The emergence of super energetic 90-year olds all over this country, (many being U.S. ex-presidency related) is a pain in the neck to us who are just toddling along enjoying eating whatever the heck we want to and having Margaritas with pals whenever. I just wish those over-achievers would shut up before they go leaping out of airplanes and doing marathons of some description or other, or, worse, marrying somebody of the opposite sex who is 46 years younger … such as Dick Van Dyke, as much as we all love him. For Valentine’s Day my sweetheart husband gave me a copy of Dick’s newest book “Keep Moving,” which I love; Dick has some good lines in it, something like: He is an analog guy trying to live in a digital world. Well, aren’t we all? I’m thinking about writing a sequel called “Keep Breathing,” which is really what it’s all about.

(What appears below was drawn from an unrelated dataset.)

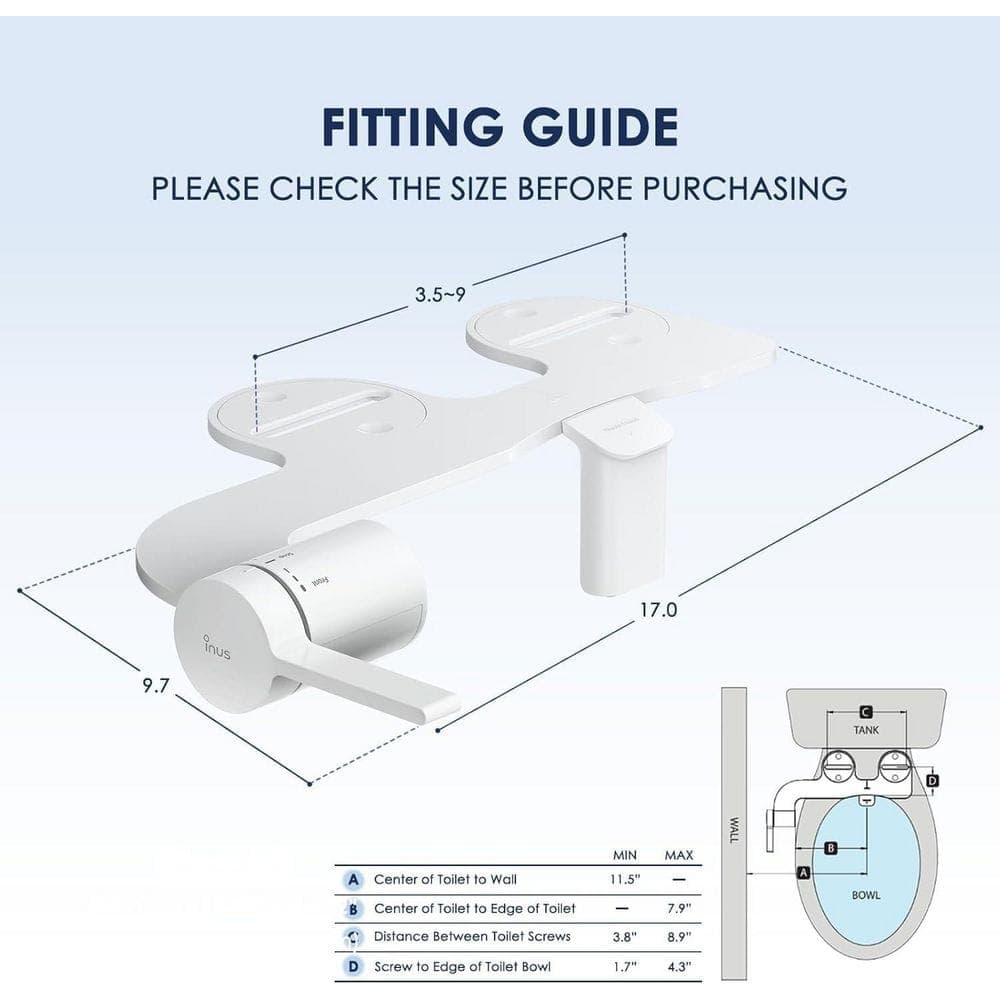 INUS M3C3-9XUS M3 Remote Control Dual Nozzle Bidet Attachment for Existing Toilets Seat (2)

Of course, marrying and being happy with one’s true love who is 24 years younger than one’s self is fine with me, because that is exactly what I did when I was only 78 and married my sweetheart who was a kid of 54. It has worked for us for 16 years though some folks said it wouldn’t last.

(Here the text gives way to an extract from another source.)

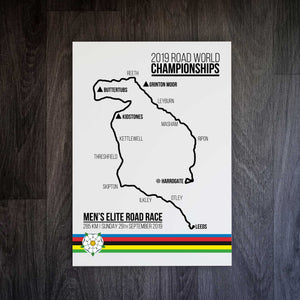 2019 World Championships Men's Elite Road Race Cycling Print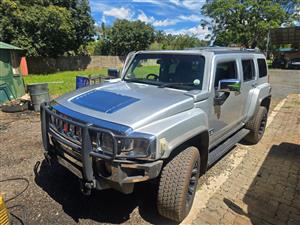 Hummer H3 2007 silver for sale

About those birthday candles though: How do you arrange 94 candles on a 24×30-inch cake? Let’s see: Ten across the top and nine columns going down. Impossible.

My hairdresser, Becky, who graduated from Gloucester High School in 2008, had a good idea, namely that the Party Time store probably had big plastic nines and fours for the top of the cake. The only trouble with that is that I didn’t like it: I wanted all the candles to be lighted at once, necessitating the presence of our heroes from the James City County Fire and Rescue Squad. Unfortunately, that was not to be and a bunch of candles were placed Willy-Nilly (anybody we know socially?) by a nearby daughter and then lighted with the super long lighter we bought just for events like this. I was blissfully happy nevertheless.

However, there was a problem. Even with the marvelous help of Michelle and Anna, my step-daughters and lots of other tender-heated family and friends, I was woefully behind and I didn’t have any mascara on! Let’s hope that all the resulting photos taken by participants with their little digital thingy, otherwise known as Smartphones, have now been accidentally deleted or better yet, dropped into Lake Michigan, know what I mean?

One of my best presents on my 94th birthday was the surprise appearance of our sweet, beauteous granddaughter, Jill. She got up at 4 a.m. to drive from Virginia Tech, from which university she will graduate this spring. She’s really not all that anxious to leave the VT campus. She arrived at our house in Williamsburg before noon. She drove the 12-hour round trip in one day as if she were driving around the block. You can’t beat youth when it comes to going to parties.

Bailey has been a regular contributor to The Virginia Gazette for 25 years.